Jewel-like, Yzerfontein clusters snugly into the West Coast coastline. In its luxe blue sky and ocean frame, the town literally sparkles.
With its status as the jewel of the West Coast, one can understand why Middle Stone Age people 70 000 to 115 000 years ago chose this site. In modern times, the village was laid out and developed by Abraham Katz in 1936 and it has remained a popular holiday resort. Today, it has 5 000 residents.

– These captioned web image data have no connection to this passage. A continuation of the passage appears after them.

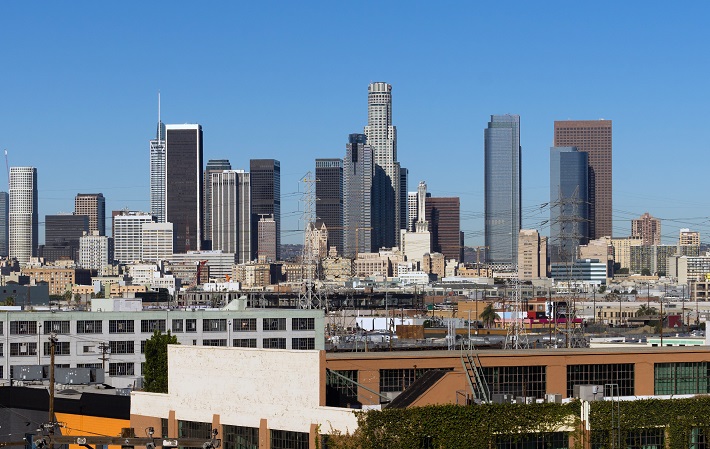 The big growth areas that are just beginning to take shape are e-groceries and e-pharmaceuticals. (Above: Los Angeles, with warehouses in the foreground.) Photo credit: Shutterstock.com. Los Angeles warehouses.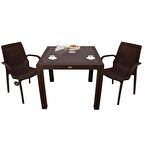 Mandella Elit Rattan 90x90 2 Kişilik Nirvana Koltuk Masa Takımı Kahverengi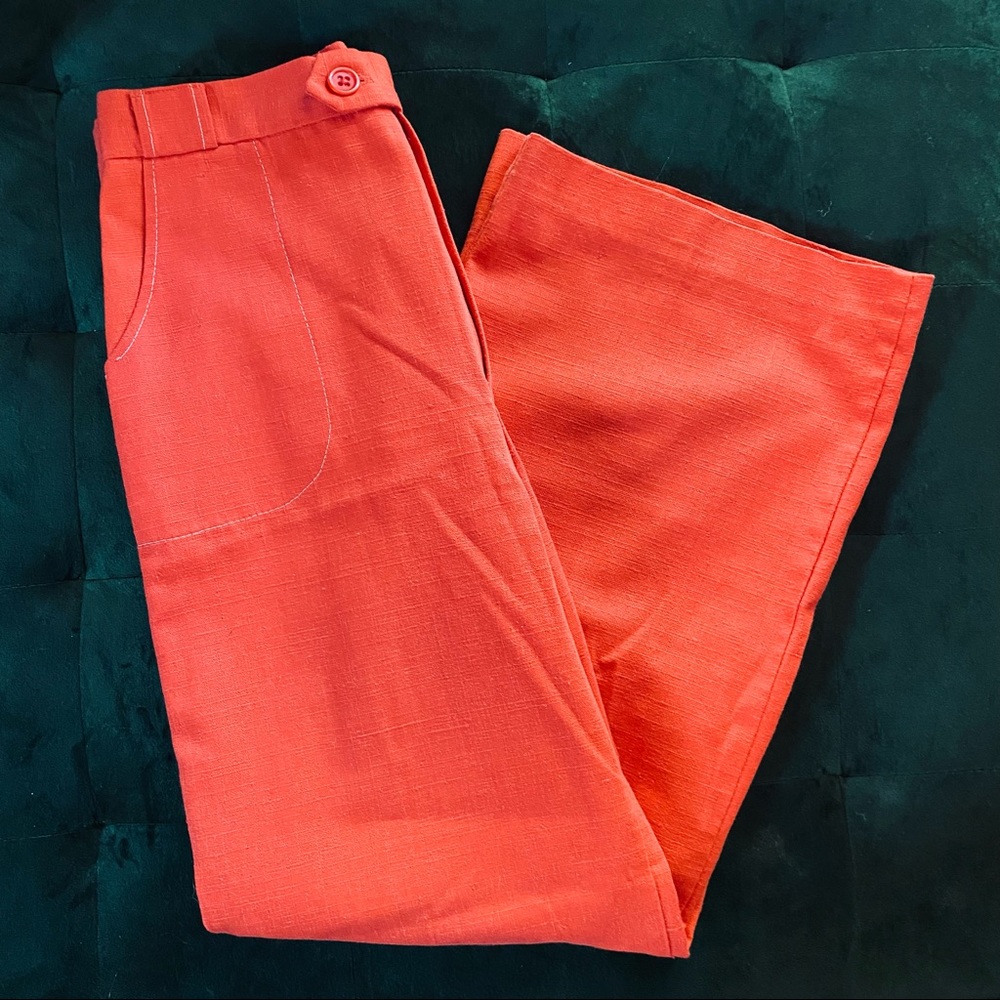Vtg Orange Wide Leg Pants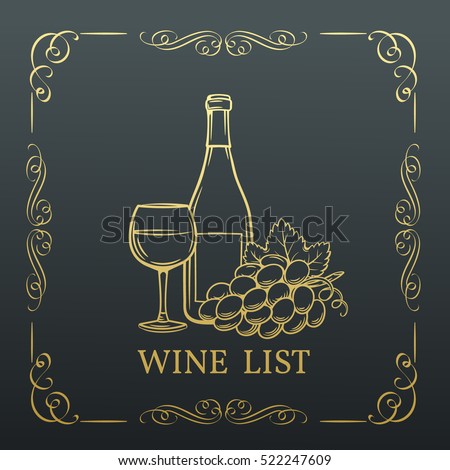 Decorative gold Banner Wine design . Vector wine list in old style, page decoration.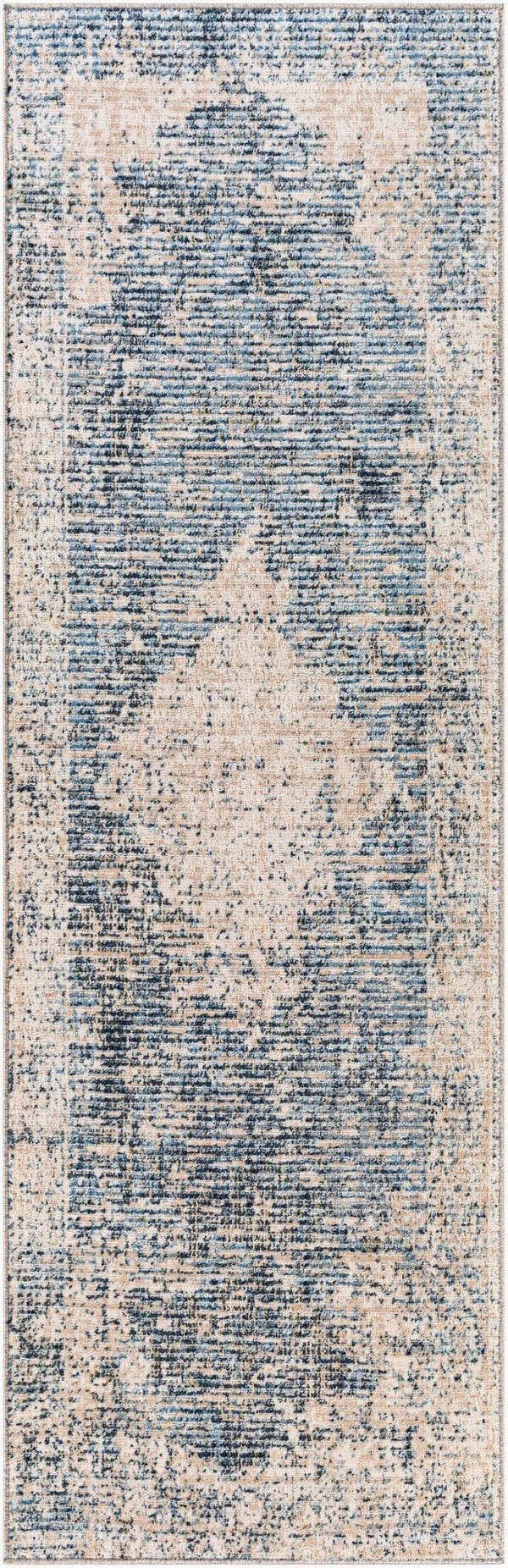 Livabliss Amore Traditional Fringe Area Rug Soft Polyester Weave for Entryway or Bedside Navy, Denim 2'7" x 7'10" AMO2304-268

There’s even more antiquity in Yzerfontein: firstly, two white lime kilns next to the R315 are the only ones remaining in South Africa and were declared national monuments in 1980; secondly, the old fish house near the harbour dates from the 19th century and now serves as the Yzerfontein Tourism Bureau.
Holiday homes constitute the largest percentage of houses, but mansions and cottages sit comfortably side-by-side. Small boutique centres are dotted throughout town. Restaurants such as Die Strandkombuis, Lula’s and Kaijaiki Inn enjoy good ratings.
Famed for its magnificent 16-mile beach which actually stretches for a full 19 miles (30,5 km) all the way to the land mass between Langebaan Lagoon and the sea. But, washed by the cold Benguela current, ankle-deep does the trick for most beach goers. However, surfers get stoked by this prime surfing spot, which was pioneered by the legendary John Whitmore in the 1950s. When the Atlantic’s powerful westerly swells roll into town, the infamous Schaap Eiland surf-break is created.
Walkers/runners are spoilt for choice in terms of routes in the town, because apart from the splendid beaches on either side, neat, scenic walkways have been created throughout the fynbos areas on the southern side. Secret coves and hamlets further please the senses.
Because of its elevation, Yzerfontein is a good whale-watching spot when these mammals frolic in the bays, or even mount a display in the harbour. And by the way, with 60% of all the line fish caught on the West Coast landed here, the town’s small craft harbour is a fisherman’s haven.
Finally, at Yzerfontein: “the sea nourishes, the flowers adorn.”